How does one get this information to work for actual cross validation?  

The following for-loop would do the trick:

In [174]:
lreg = LinearRegression()
cross_val_scores = []

for test_idx, val_idx in kfold.split(X_train):
    lreg.fit(X_train.iloc[test_idx], y_train.iloc[test_idx])
    score = lreg.score(X_train.iloc[val_idx], y_train.iloc[val_idx])
    cross_val_scores.append(score)

Now if one looks at the validation scores returned from this, they exactly match what we had from the `cross_val_score()` method:

In [175]:
cross_val_scores

[0.7446931264241542,
 0.7296559896509521,
 0.7848266265881662,
 0.6567557105078086,
 0.6631551694581892,
 0.782830328560734,
 0.8178824192596486,
 0.7959642722807119,
 0.5480150991902277,
 0.7518894508603533]

So now, if we wanted to, we could use the values from the `splits` variable to get the index values for the 9th fold and go from there.

In [176]:
# these are the index values for the validation set in the 9th fold
val_idx = splits[8][1]

In [177]:
# and we can look at the original values in our dataset
X_train.iloc[val_idx]

Unnamed: 0,CRIM,ZN,INDUS,CHAS,NOX,RM,AGE,DIS,RAD,TAX,PTRATIO,B,LSTAT
324,0.07978,40.0,6.41,0,0.447,6.482,32.1,4.1403,4,254,17.6,396.9,7.19
325,2.73397,0.0,19.58,0,0.871,5.597,94.9,1.5257,5,403,14.7,351.85,21.45
326,0.04203,28.0,15.04,0,0.464,6.442,53.6,3.6659,4,270,18.2,395.01,8.16
327,4.54192,0.0,18.1,0,0.77,6.398,88.0,2.5182,24,666,20.2,374.56,7.79
328,0.06162,0.0,4.39,0,0.442,5.898,52.3,8.0136,3,352,18.8,364.61,12.67
329,0.03113,0.0,4.39,0,0.442,6.014,48.5,8.0136,3,352,18.8,385.64,10.53
330,0.04684,0.0,3.41,0,0.489,6.417,66.1,3.0923,2,270,17.8,392.18,8.81
331,0.08187,0.0,2.89,0,0.445,7.82,36.9,3.4952,2,276,18.0,393.53,3.57
332,0.03932,0.0,3.41,0,0.489,6.405,73.9,3.0921,2,270,17.8,393.55,8.2
333,0.01432,100.0,1.32,0,0.411,6.816,40.5,8.3248,5,256,15.1,392.9,3.95


In [178]:
# and for the target variable
y_train.iloc[val_idx]

Unnamed: 0,PRICE
324,29.1
325,15.4
326,22.9
327,25.0
328,17.2
329,17.5
330,22.6
331,43.8
332,22.0
333,31.6


To give an example of how this is helpful for future diagnostics, let's take a look at our errors for the validation set with the low r-squared values.

In [179]:
# get the index values for the training and validation sets in the 9th fold
val_idx  = splits[8][1]
test_idx = splits[8][0]

In [180]:
# fit on the test index
lreg.fit(X_train.iloc[test_idx], y_train.iloc[test_idx])

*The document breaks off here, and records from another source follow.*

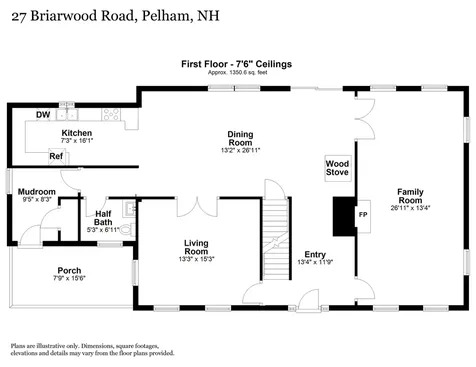 27 Briarwood Road Pelham NH 03076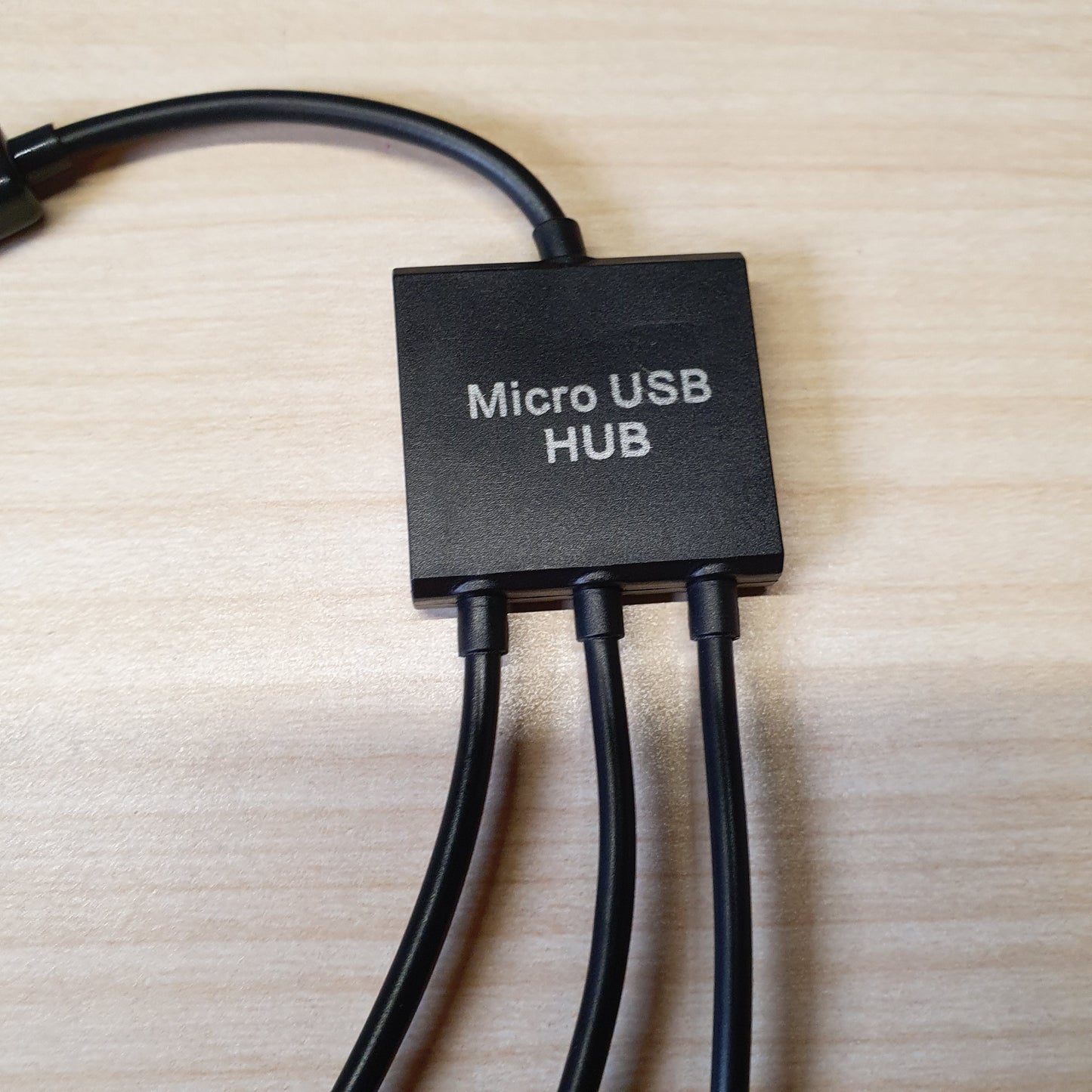 3 In 1  Micro Usb To 2 OTG 3 Port #6186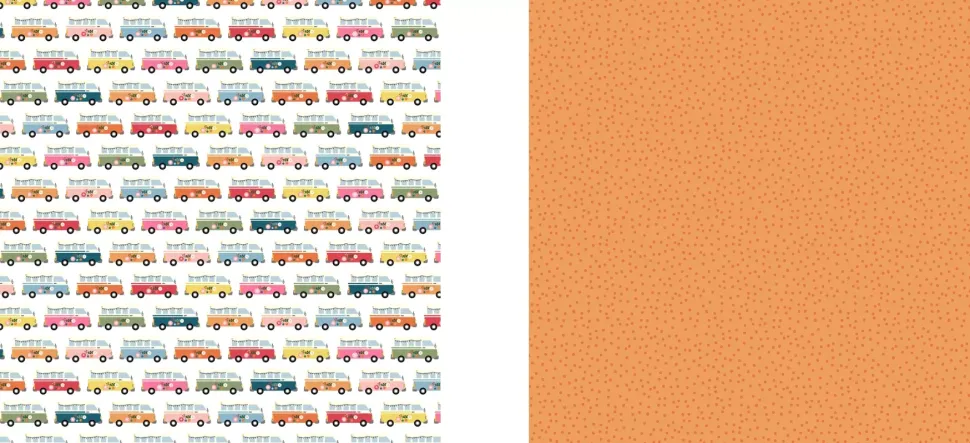 SUPER OFERTA **40%** Kit de Scrapbooking Here Comes The Sun Echo Park 30x30cm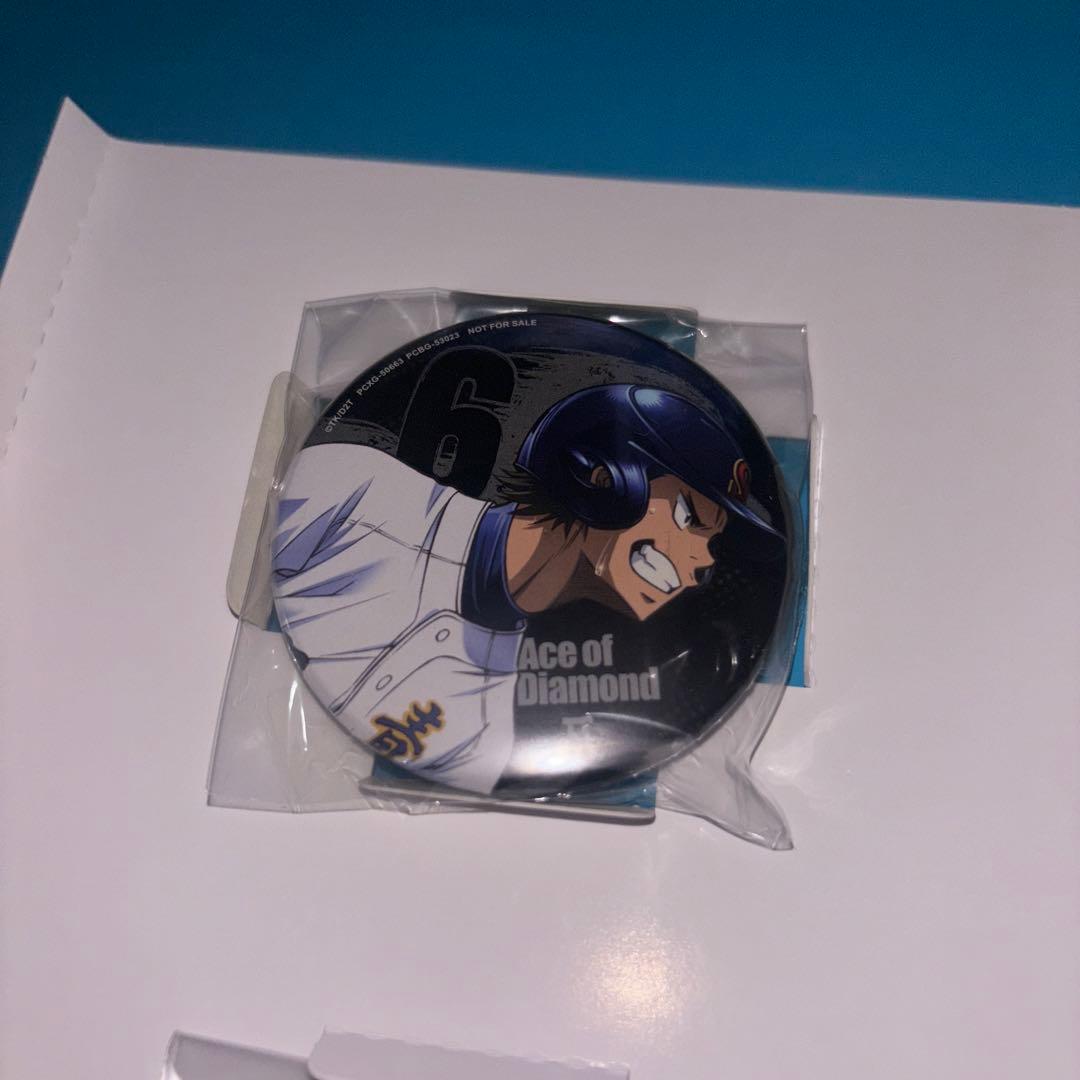 ダイヤのA actⅡ Blu-ray 3＋特典缶バッジ付き - メルカリ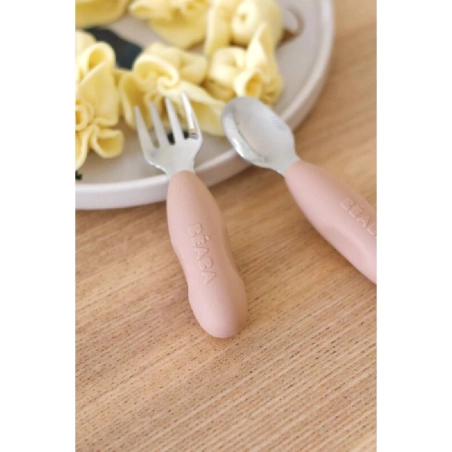 Juego de 2 Cubiertos de Acero Inoxidable de Béaba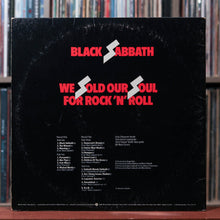 Load image into Gallery viewer, Black Sabbath - We Sold Our Soul For Rock 'N' Roll - 2LP 1976 Warner Bros., VG/VG 2

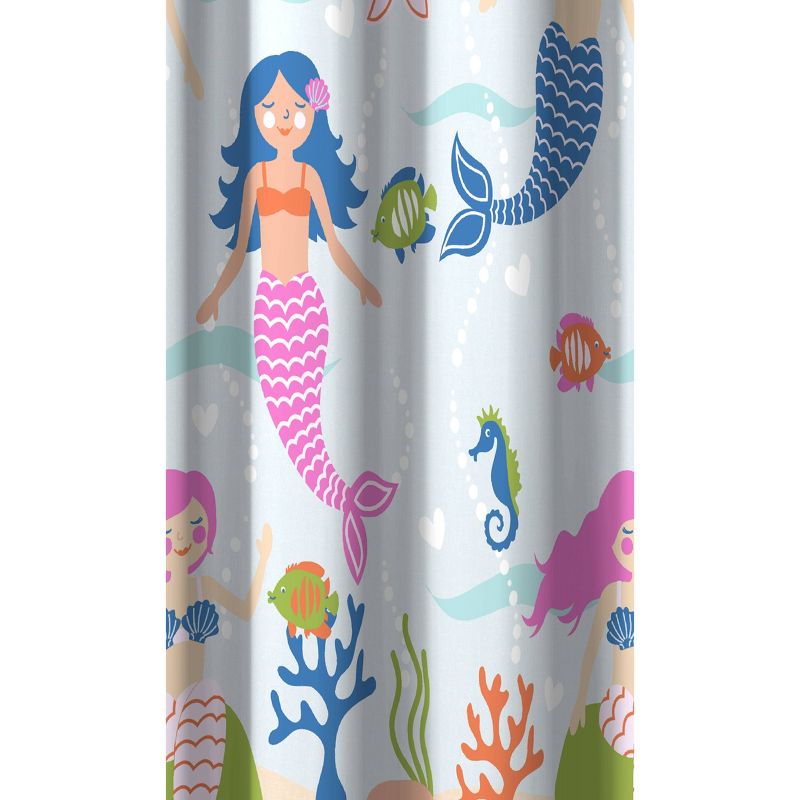 Mermaid Dreams Shower Curtain - Dream Factory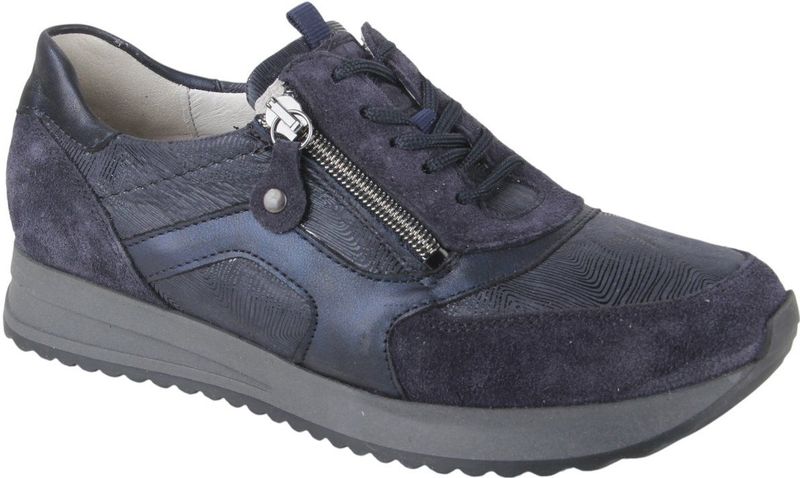 Waldläufer - Vicky - Casual Schoenen - Multi - Leer/Nubuck/Textiel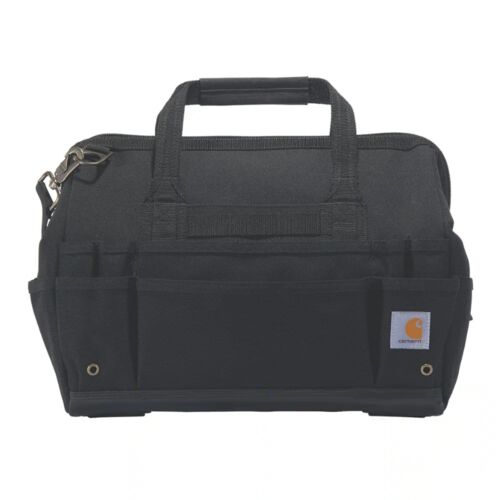 16" Heavyweight 30-Pocket Tool Bag in Black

LinearRegression(copy_X=True, fit_intercept=True, n_jobs=None,
         normalize=False)

In [181]:
# get the predictions for the validation index
preds = lreg.predict(X_train.iloc[val_idx])

In [185]:
# let's take a look at the error column for the validation set
np.abs((y_train.loc[val_idx] - preds)).sort_values(by='PRICE', ascending=False)

Unnamed: 0,PRICE
342,30.353583
347,26.234526
331,6.868811
326,5.608272
332,5.259861
346,5.198142
362,4.968544
336,4.954204
330,4.530361
348,4.512531


Well, it's fairly obvious what's going on here.......about 80% of your squared error is being caused by two samples.  This is a natural point for follow up analysis.